ベーシックインカムが実現したら仕事はどう変わるのか?複数の専門家が大きく異なる見解を表明しています。

 

何もしなくても毎月1,000ポンドをもらえるとしたら、どうしますか?仕事を辞めるでしょうか?自分のビジネスを立ち上げるでしょうか?それとも真のやりがいを求めて世界中を旅するでしょうか?ユニバーサルベーシックインカム(UBI)が実施される場合に備えて、こうした点について考えておくとよいかもしれません。

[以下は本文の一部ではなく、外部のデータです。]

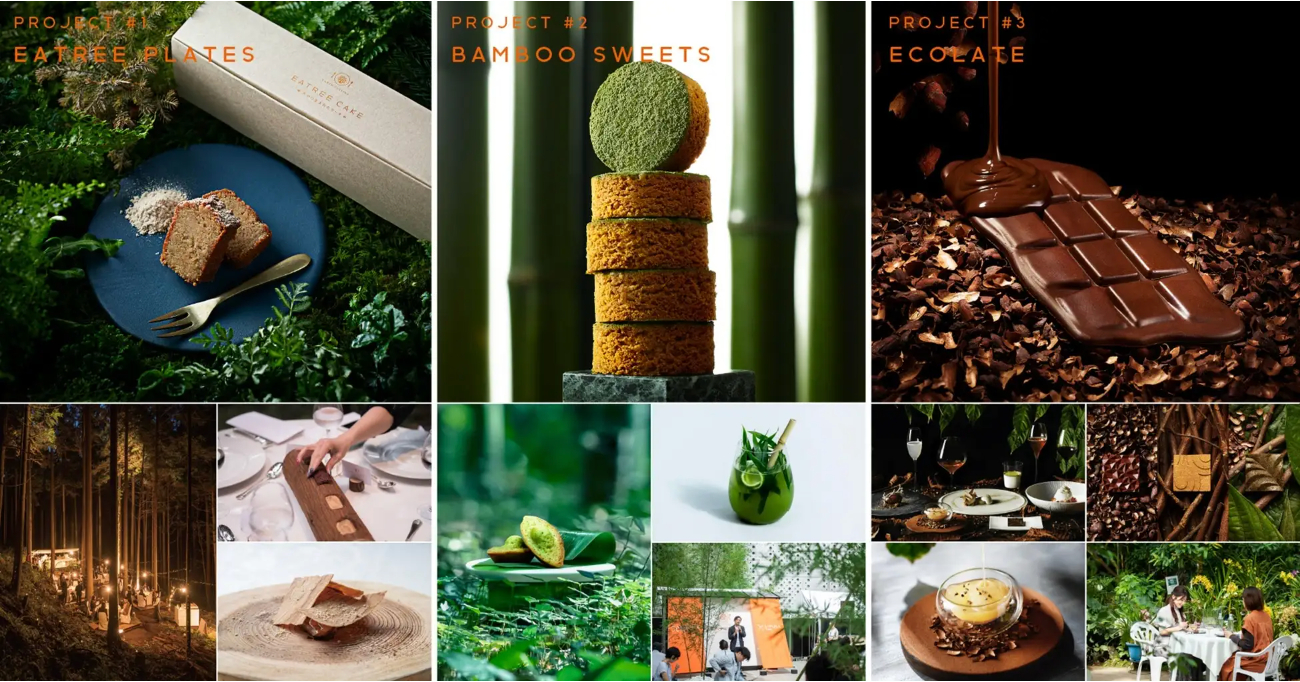 Some of the food produced through the Earth Cuisine project since 2018.     Source: Lifull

UBI、あるいは「政府が市民にお金を一律に配る」という考え方は、今に始まったものではありません。あのマーティン・ルーサー・キングから保守派の経済学者ミルトン・フリードマンに至るまで、多くの人がこうした考えを表明してきました。この数年は世界のいくつかの都市で、社会実験としてUBIが実施されるようになりました。イーロン・マスク氏、マーク・ザッカーバーグ氏、そしてノーベル経済学賞のアンガス・ディートン氏も、UBIに賛成を表明しています。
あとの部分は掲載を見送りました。